Священник Константин Кравцов - Пломбированный вагон и немецкое золото

16 апреля 1917 года, 100 лет назад, Ленин возвратился в Россию из эмиграции с планом захвата власти 

Приезд Ленина в Петроград 31 марта (16 апреля) 1917 года, увековеченный памятником на Финляндском вокзале, предопределил историю страны, уже переставшей быть православной монархией, но ещё не ставшей в те дни полигоном для самого чудовищного в истории большевистского эксперимента, стоившего России по сбывшемуся предсказанию Достоевского ста миллионов жизней. Однако большевики ещё в 1916 году даже и не мечтали о захвате власти – дорогу к ней им расчистил осуществившийся в феврале 17-го государственный заговор, составленный ещё в начале великой войны – войны народов, получившей в России название Второй Отечественной, а также – Великой Отечественной.

«Вы знаете, что твёрдое решение воспользоваться войною для производства переворота было принято нами вскоре после начала этой войны, – напоминал в конфиденциальном письме бывшему члену Совета монархических съездов Иосифу Ревенко бывший депутат Государственной Думы и бывший же министр иностранных дел Временного правительства, почётный доктор Кембриджского университета Павел Милюков в декабре 17-го. – Заметьте также, что ждать больше мы не могли, ибо знали, что в конце апреля или начале мая [1917 года] наша армия должна была перейти в наступление, результаты коего сразу в корне прекратили бы всякие намёки на недовольство и вызвали бы в стране взрыв патриотизма и ликования».

Итак, тянуть с неудавшимся в 1905-м свержением «проклятого царизма» было нельзя, и «штурмовым сигналом» к перевороту стала речь Павла Николаевича перед российскими парламентариями на заседании Думы 1 (14 ноября) 1916 года.

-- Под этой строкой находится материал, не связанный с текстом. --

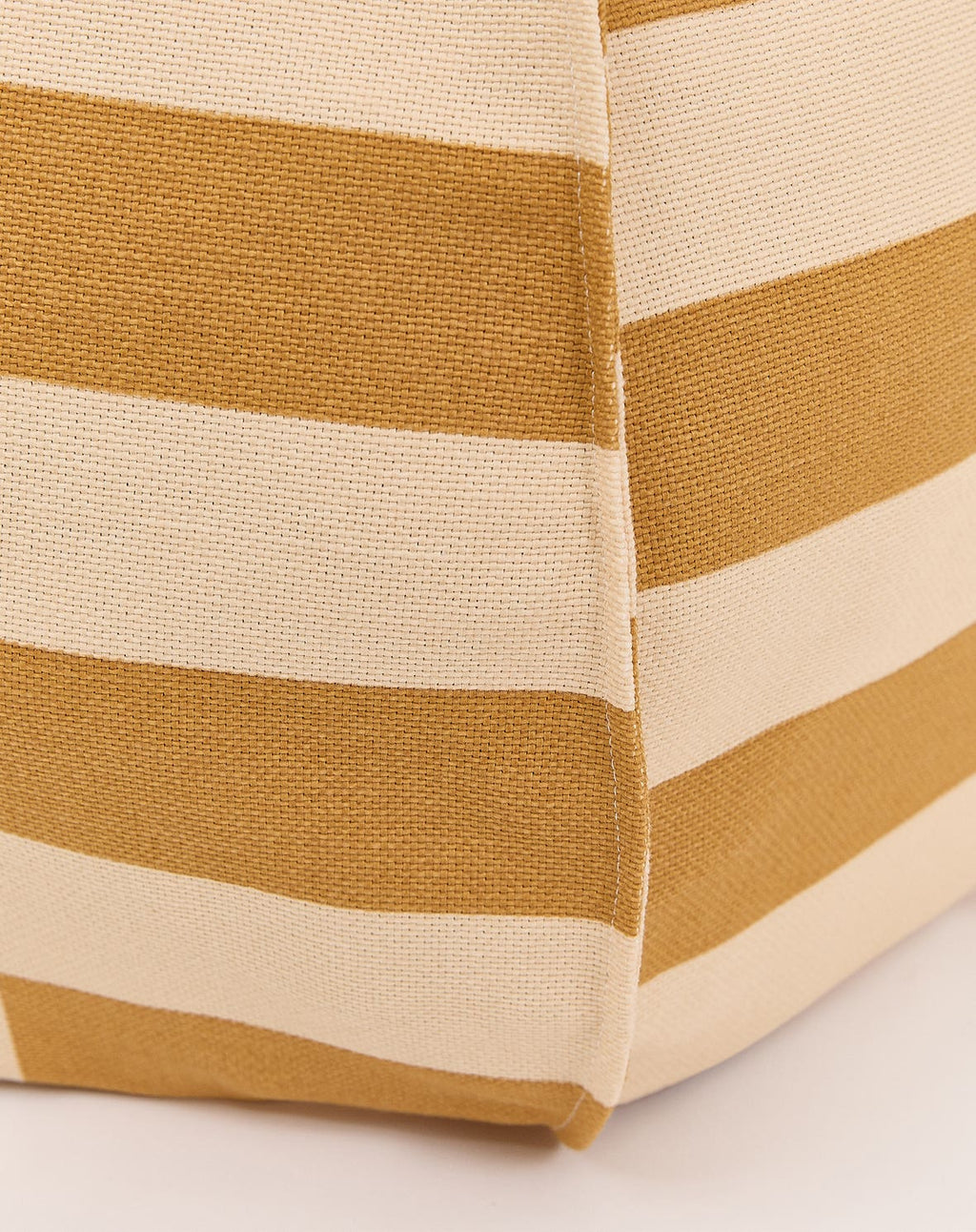 Puff VIBES round areia e mostarda 70 x 30 cm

Её рефреном был характеризующий действия правительства знаменитый вопрос: глупость или измена? Левые рукоплескали, но была и другая реакция: «А ваша речь – глупость или измена?» – выкрикнул с места депутат Марков. – «Моя речь есть заслуга перед родиной, которой вы не сделаете».

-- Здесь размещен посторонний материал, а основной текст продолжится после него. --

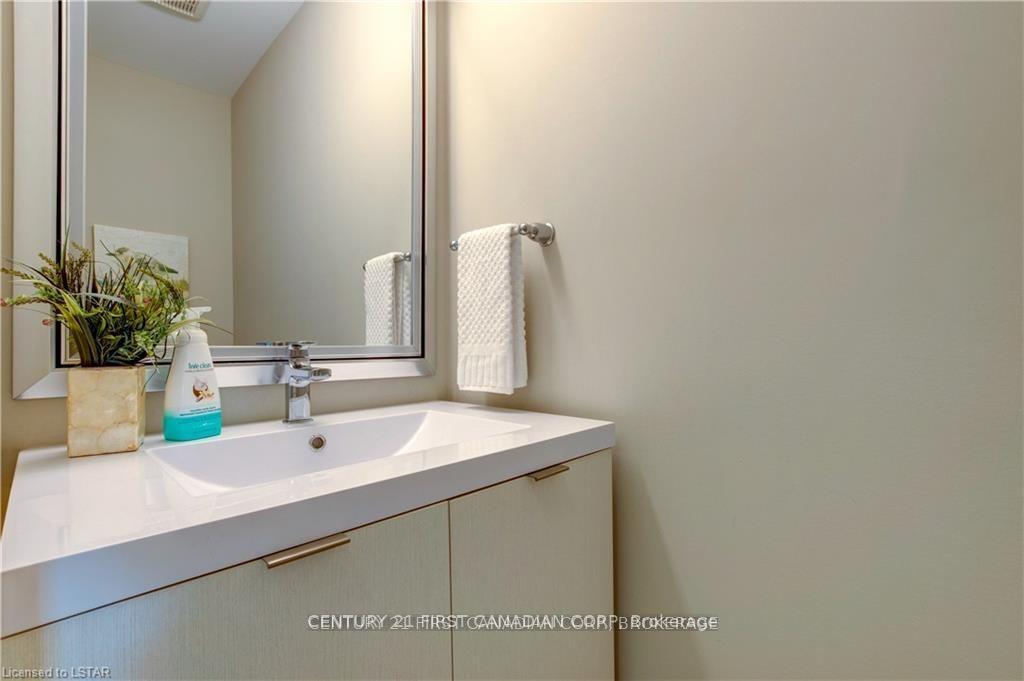 Photo 26 of Unit 33, 177 Edgevalley Road, London, East D — HOMEH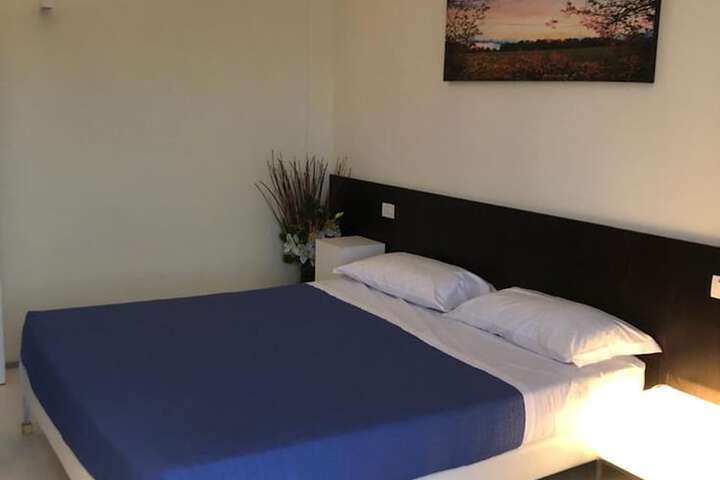 Room 6 of 49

В декабре 17-го в приведённом выше письме Милюков сам расписался и в измене, и в глупости – как его, так и его единомышленников: «История проклянет вождей наших, так называемых пролетариев, но проклянет и нас, вызвавших бурю. Что же делать теперь, спрашиваете Вы… Не знаю. То есть внутри мы оба знаем, что спасение России в возвращении к монархии, знаем, что все события последних двух месяцев ясно доказали, что народ не способен был воспринять свободу, что масса населения, не участвующая в митингах и съездах, настроена монархически, что многие и многие агитирующие за республику делают это из страха. Всё это ясно, но признать этого мы просто не можем. Признание есть крах всего дела нашей жизни, крах всего мировоззрения, которого мы являемся представителями. Признать не можем, противодействовать не можем, не можем и соединиться с теми правыми, подчиниться тем правым, с которыми так долго и с таким успехом боролись».

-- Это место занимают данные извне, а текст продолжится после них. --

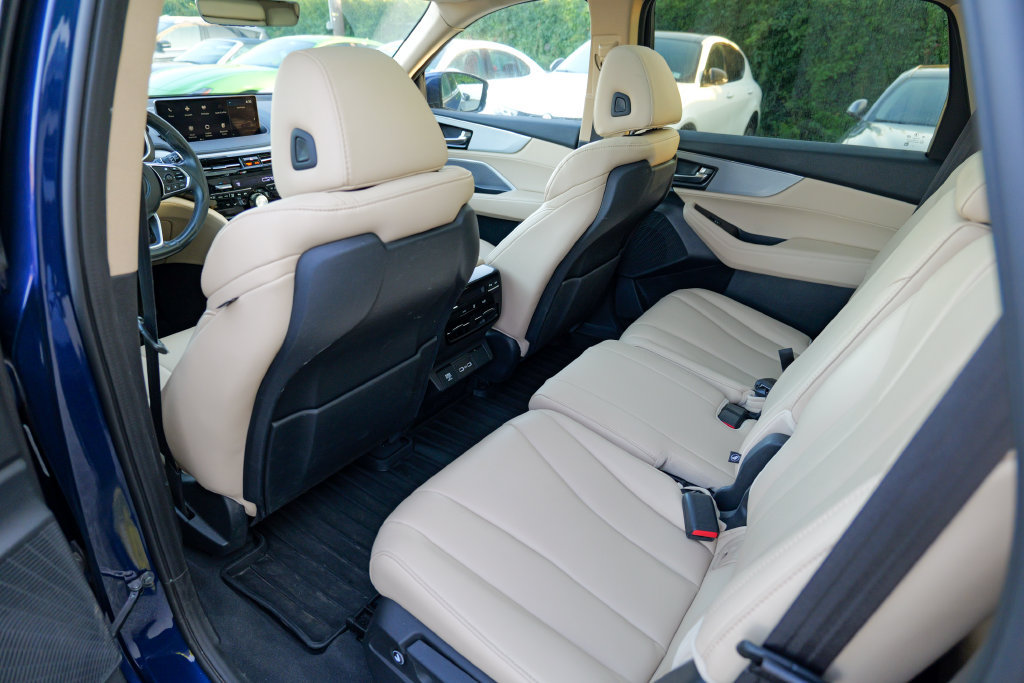 Used 2023 Acura MDX SH-AWD image 26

Как говорится, за что боролись, на то и напоролись.

Прежде чем умереть в Париже, когда не оправдавший их прекраснодушных масонских ожиданий народ будет миллионами гибнуть в тюрьмах и лагерях по всей стране. И действительно: ничего кроме проклятья истории и презрения всех, кто этой историей интересуется, Милюкову, Родзянко, Керенскому и иже с ними ждать после большевистского переворота не приходилось, что стало для них совершенно ясно уже к концу 1917 года. Но самое примечательное событие, предопределившее октябрьский переворот, произошло летом того рокового для России года, когда после неудавшегося в июле большевистского путча в российской печати появились предоставленные контрразведкой неопровержимые доказательства о финансировании Германией через различные банки Ленина, иными словами – доказательства государственной измены во время войны. И здесь мы возвращаемся к истории с «пломбированным» вагоном, проехавшим из Германии через воюющие страны. А обнаруженные после Второй мировой в немецких архивах и опубликованные на Западе в 1950 году документы расставили последние точки над «i» (в частности – в книге профессора Энтони Саттона «Уолл-стрит и большевистская революция»). Но это – там; здесь же, хотя публикаций о финансировании большевиков с 90-х годов появилось немало, о нём по-прежнему умалчивается, и события 1917 года до сих пор преподносятся как спонтанное «возмущение народных масс».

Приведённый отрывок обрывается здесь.